Garip geçen günümün z raporunu alıyorum. Tam yırtmak üzereyken z raporunu, burnuma anason kokusu geliyor. Bizim binadan (Yılmaz Apt.) gelmediği kesin çünkü tek anason alan daire 13, yani benim kapım. Ben de içmedim. Zaten rakı içmiyorum, hikayesi uzun, sonra anlatırım. Belki.

Karşı bina da şaibeli bu konuda, hiç anlamadığım haneler iki bilinmeyenli denklem gibiler. Park sorunundan dolayı kızdığım birkaç kişiyle ve hiç ışıkları yanmayan, perdeleri hiç açılmamış, içerisi tozlanmaya yemin etmiş, çokça dairesi olan apartman. Sanki kokunun adresi olmayan yapı.

Almanya'dan gelen ailenin yaşadığı köşedeki müstakil eve çevriliyor gözlerim, miyop astigmat hastası birinin balkonu net görememesiyle sarsılıyor gözlerim. Gözlüklerimin nerede olduğunu bilmiyorum ve masalarında kadehler var mı, göremiyorum.

Azer Bülbül ölünce daha mı kıymetli birisi oldu bilmem ama gençler, araçlarında yine son ses onun şarkıları ile sokağımdan geçiyorlar; bekçiler ise hala görev yerlerinde yoklar.

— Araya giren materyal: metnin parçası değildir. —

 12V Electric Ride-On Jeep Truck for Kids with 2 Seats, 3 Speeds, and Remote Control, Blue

Gençler dikkatimi dağıtıyor.

Derin derin nefes çalışması yapıyorum sanki kalabalık gruplara ders verir gibi, mesleki deformasyon diyor, kendime gülüyorum.

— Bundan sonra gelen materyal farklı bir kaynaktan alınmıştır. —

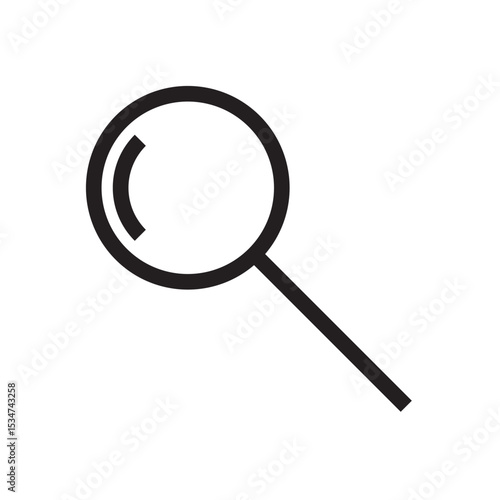 Search magnifying glass icon. Lens symbol for find, zoom, or search function.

Sahi deformasyon demişken akademik olarak ne çok tükeniyorum bazen.

Aynada saç diplerimde gördüğüm beyaz renkteki yaşam mücadelesi ve en iyi bildiğim eylemim sevmek ve gülmeye sıkı sıkı sarılıyorum deforme olmasın diye kalbim ve mesleğim.

Anason kokulu akşamda tavla oynuyorum, yine yenildim.

Çünkü oynarken sevdaya dair çok türkü dinledim.

Aşk üstüne konuştuk yol arkadaşımla, derinlere indik geçmişe gittik.

—Reset çektim ben senden sonra, dedi.

—Nasıl çekilir ki, dedim.

Sen anlat aşkı dedi. Yıllardır dinler halbuki.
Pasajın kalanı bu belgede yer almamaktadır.